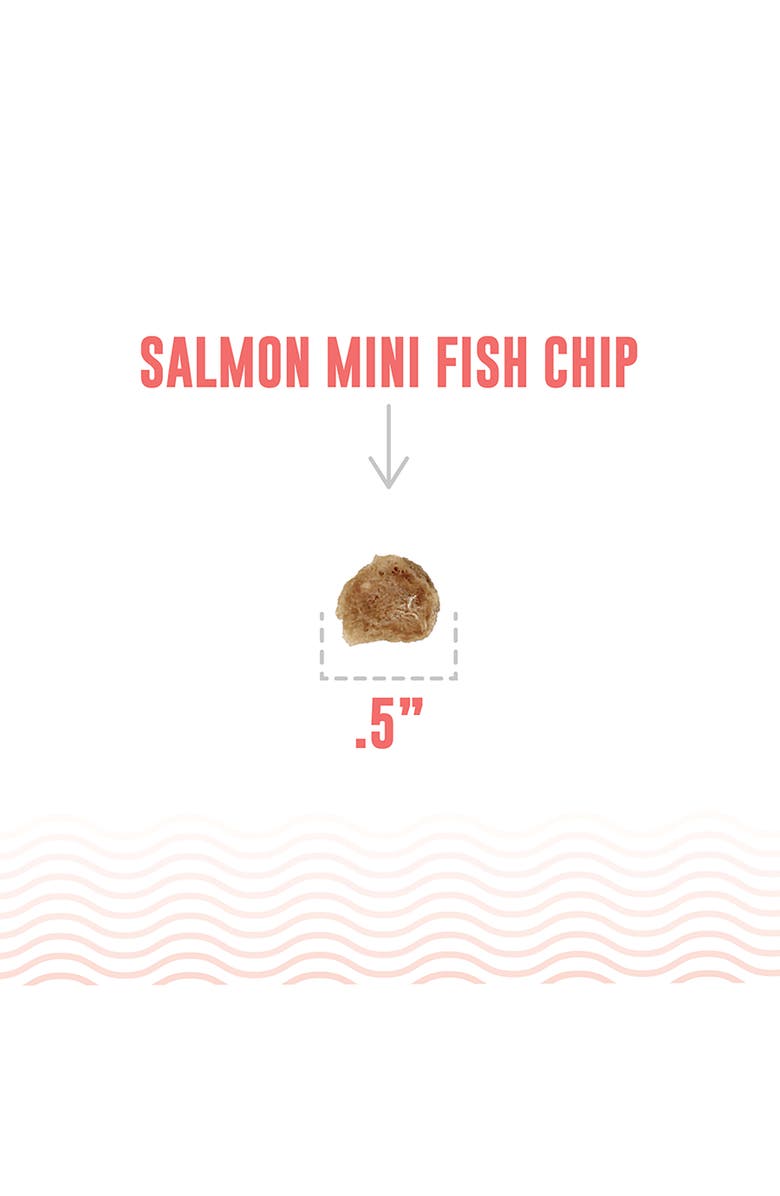 ICELANDIC+ Mini Fish Chips Salmon 2.5oz Dog Treats, Alternate, color, Multicolored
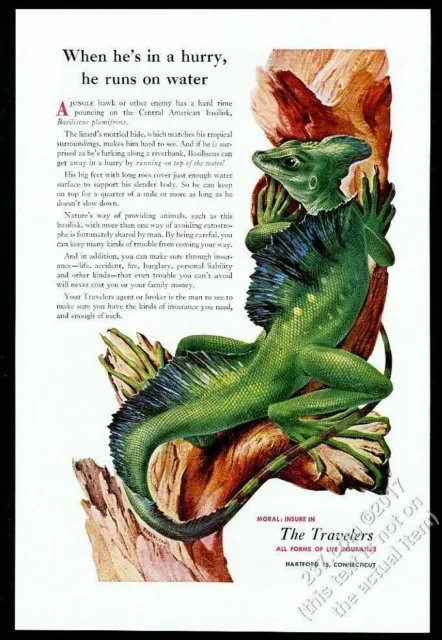 1952 basilisk lizard art The Travelers Insurance vintage print ad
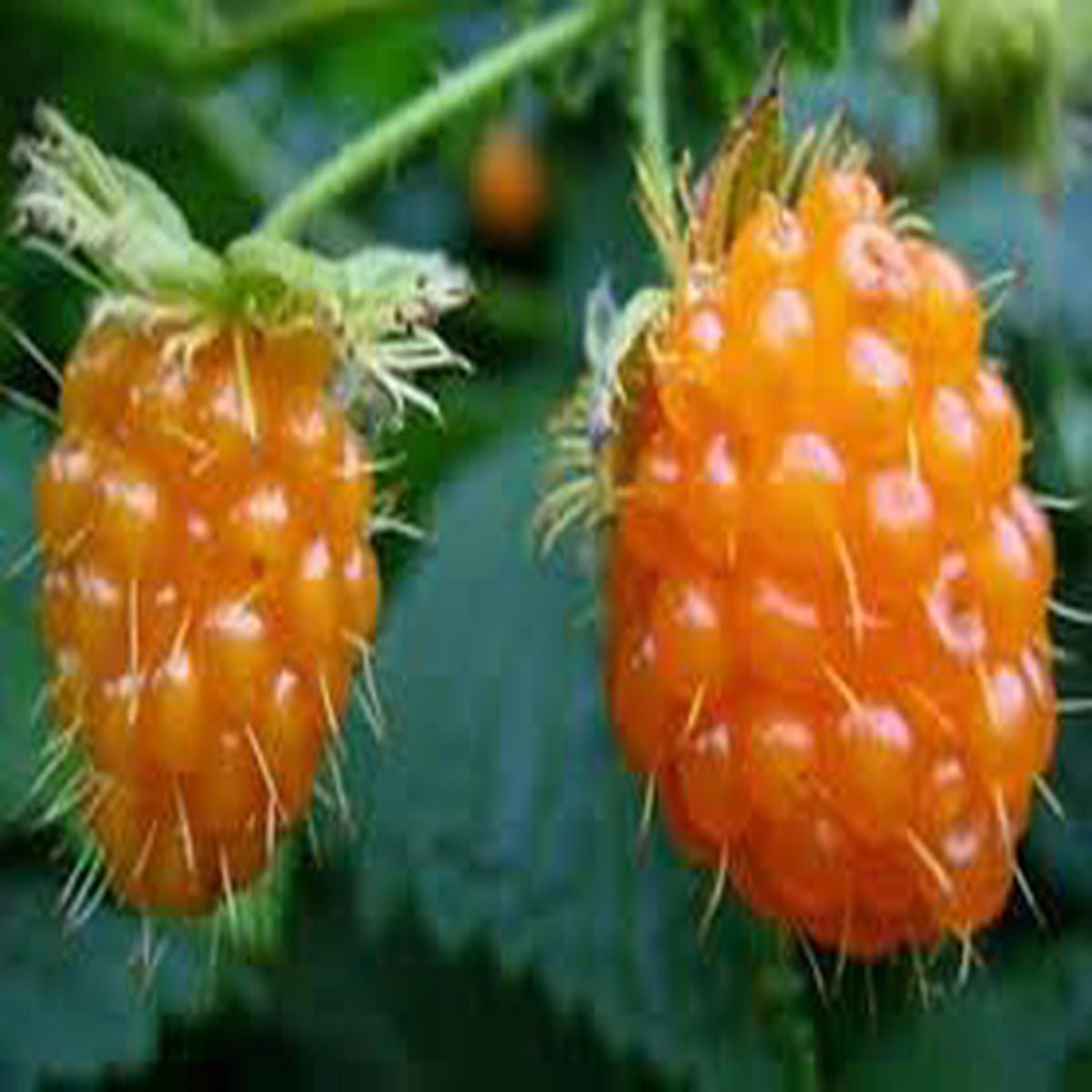 British Columbia Fruit Seeds Grow Robust & Hardy Trees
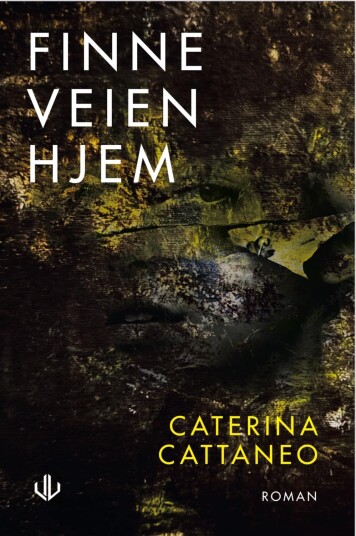 Finne veien hjem roman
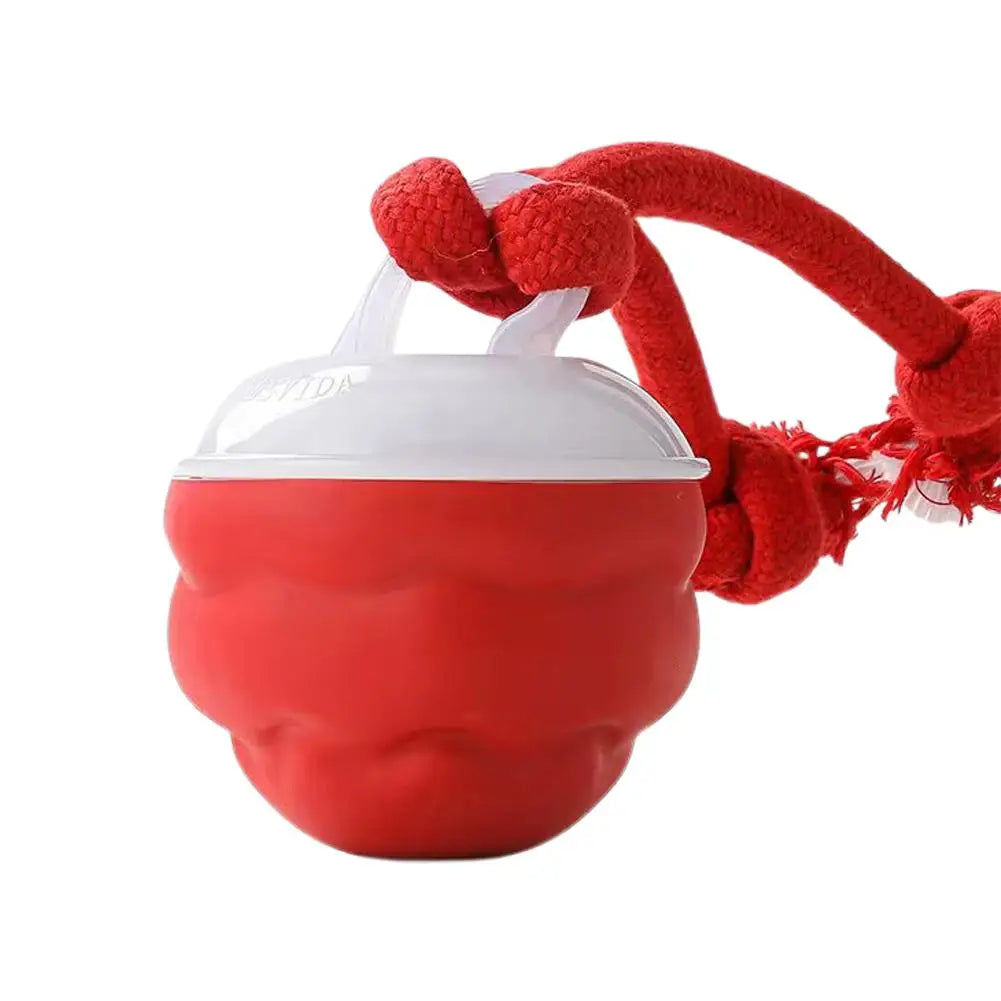 Interactive Motion-Activated Dog & Cat Toy Ball with Rope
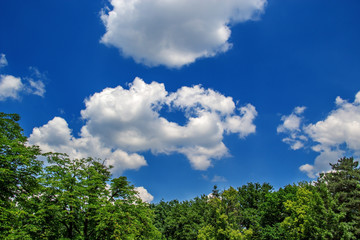 beautiful clouds in summer days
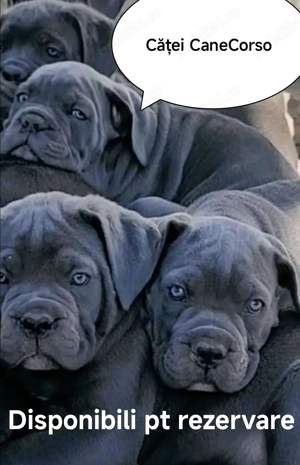 Căței Cane Corso cu Pedigree tip A - imagine 4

▶ What you should do
Exclude all images and return the listing word for word.

▶ Your solution
 ICELANDIC+ Mini Fish Chips Salmon 2.5oz Dog Treats, Alternate, color, Multicolored
 1952 basilisk lizard art The Travelers Insurance vintage print ad
 British Columbia Fruit Seeds Grow Robust & Hardy Trees
 Finne veien hjem roman
 Interactive Motion-Activated Dog & Cat Toy Ball with Rope
 beautiful clouds in summer days
 Căței Cane Corso cu Pedigree tip A - imagine 4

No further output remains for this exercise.